▸ **EXERCISE**: Lines from the one containing "this 1345×896 image." through the last one in the data below: write them out word for word, and only them.

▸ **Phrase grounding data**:
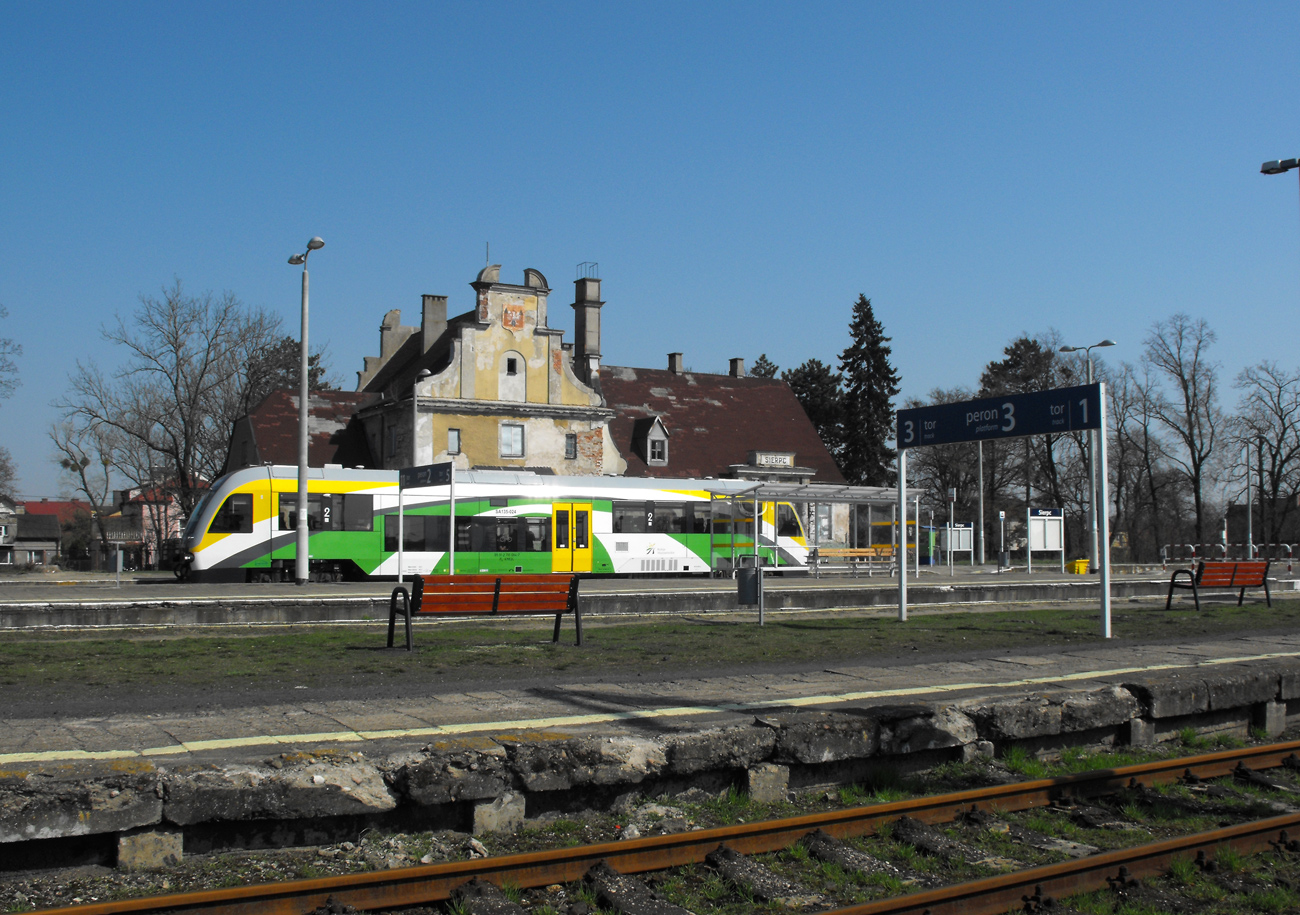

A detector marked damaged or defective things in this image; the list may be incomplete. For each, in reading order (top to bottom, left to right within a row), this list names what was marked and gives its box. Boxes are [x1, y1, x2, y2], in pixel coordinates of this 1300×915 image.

rusty rail [30, 740, 1300, 915]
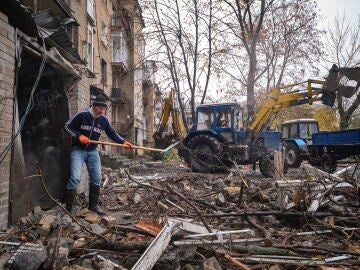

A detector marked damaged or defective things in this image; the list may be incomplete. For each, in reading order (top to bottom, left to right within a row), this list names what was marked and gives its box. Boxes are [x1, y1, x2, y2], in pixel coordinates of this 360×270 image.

damaged building [0, 0, 159, 231]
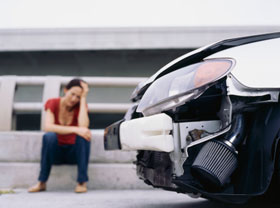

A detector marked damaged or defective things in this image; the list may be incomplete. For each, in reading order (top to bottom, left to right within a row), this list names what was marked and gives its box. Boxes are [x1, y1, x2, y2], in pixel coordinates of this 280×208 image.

damaged car rear [104, 33, 280, 205]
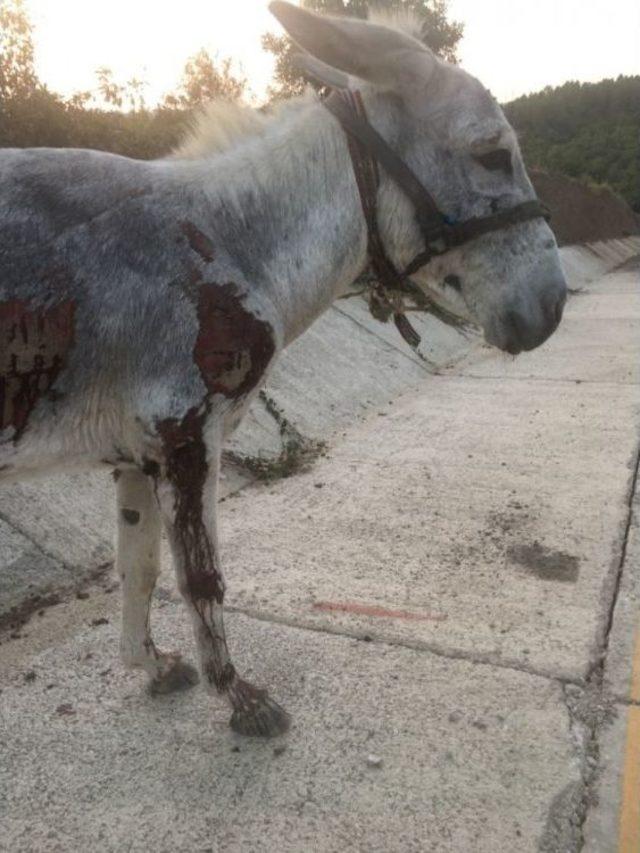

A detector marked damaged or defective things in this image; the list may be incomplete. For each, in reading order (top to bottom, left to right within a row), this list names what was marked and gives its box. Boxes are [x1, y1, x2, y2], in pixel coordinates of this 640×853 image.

damaged leg [115, 470, 199, 696]
damaged leg [156, 416, 290, 736]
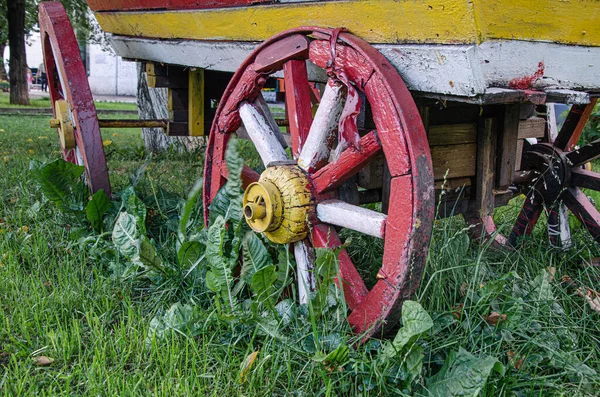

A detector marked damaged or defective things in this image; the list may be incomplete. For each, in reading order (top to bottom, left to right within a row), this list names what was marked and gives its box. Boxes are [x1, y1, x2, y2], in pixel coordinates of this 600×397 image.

peeling red paint [508, 61, 548, 89]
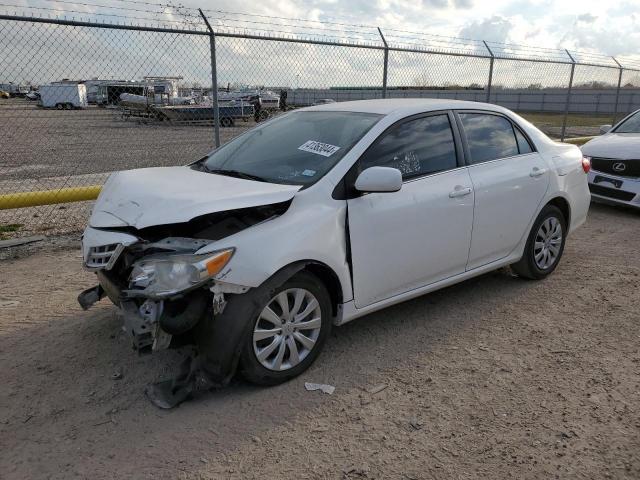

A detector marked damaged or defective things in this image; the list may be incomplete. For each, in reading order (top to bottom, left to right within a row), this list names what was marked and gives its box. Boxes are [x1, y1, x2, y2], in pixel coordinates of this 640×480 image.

dented hood [90, 165, 302, 229]
broken headlight [129, 248, 234, 296]
damaged white car [80, 99, 592, 406]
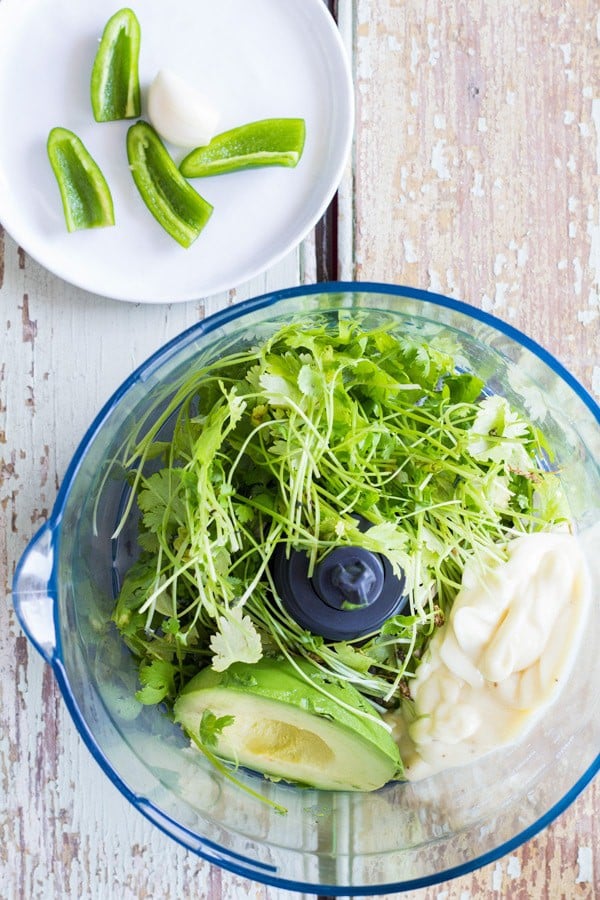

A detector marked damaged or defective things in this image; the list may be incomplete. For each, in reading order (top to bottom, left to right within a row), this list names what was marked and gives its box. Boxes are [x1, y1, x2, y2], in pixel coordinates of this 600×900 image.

peeling white paint [576, 848, 592, 884]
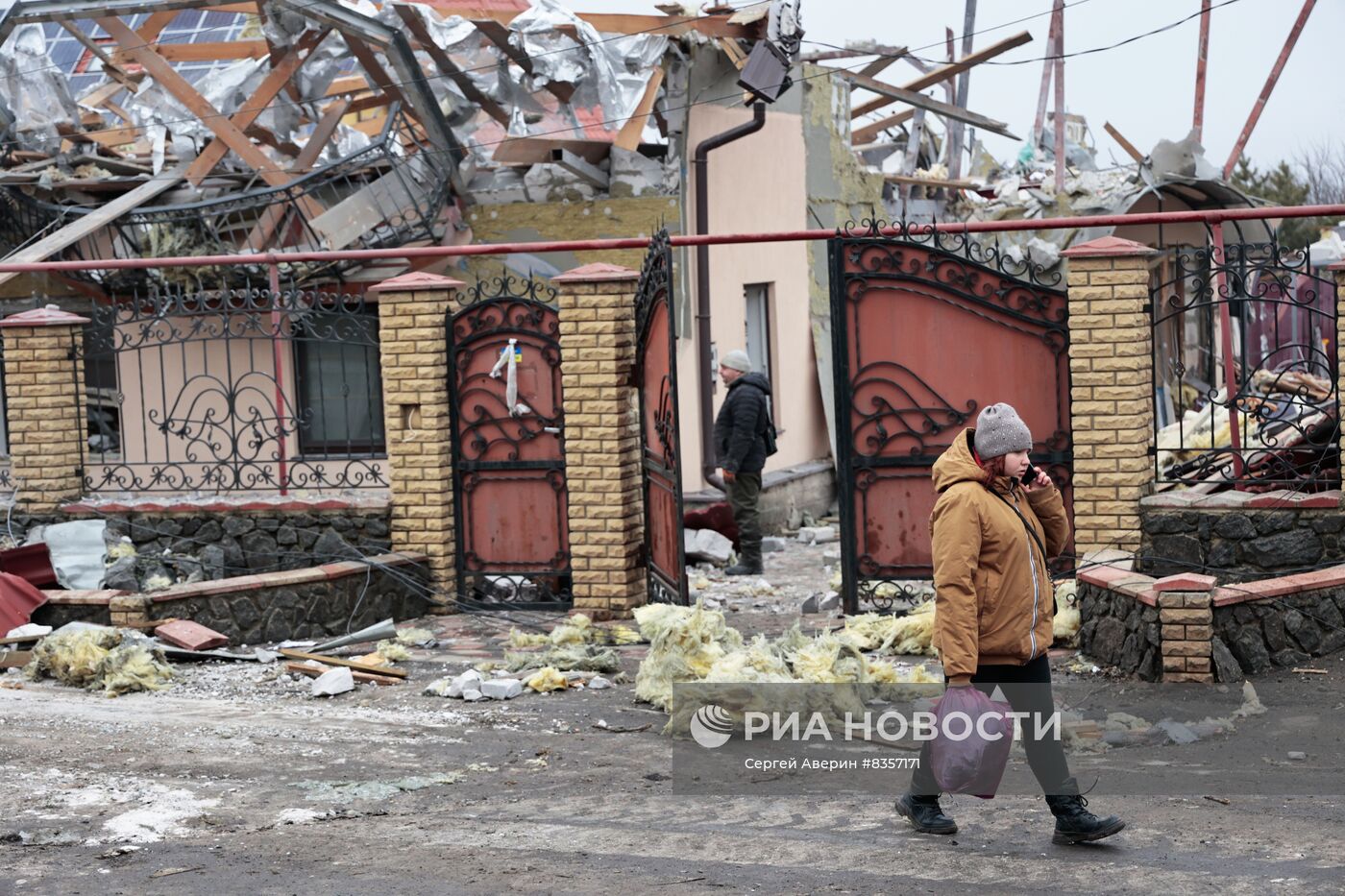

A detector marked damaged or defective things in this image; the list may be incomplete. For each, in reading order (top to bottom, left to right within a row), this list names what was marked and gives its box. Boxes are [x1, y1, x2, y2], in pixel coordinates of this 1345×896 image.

crumpled metal sheeting [0, 22, 81, 155]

▸ **TASK SOLUTION**:
A detector marked damaged or defective things in this image; the list may be incomplete. For each, in reading order (top to bottom, left to right within a row), this list names what was marked and gives its box. Boxes are [x1, y1, x2, y2], in pixel coordinates of this 1345×896 image.

crumpled metal sheeting [0, 22, 81, 155]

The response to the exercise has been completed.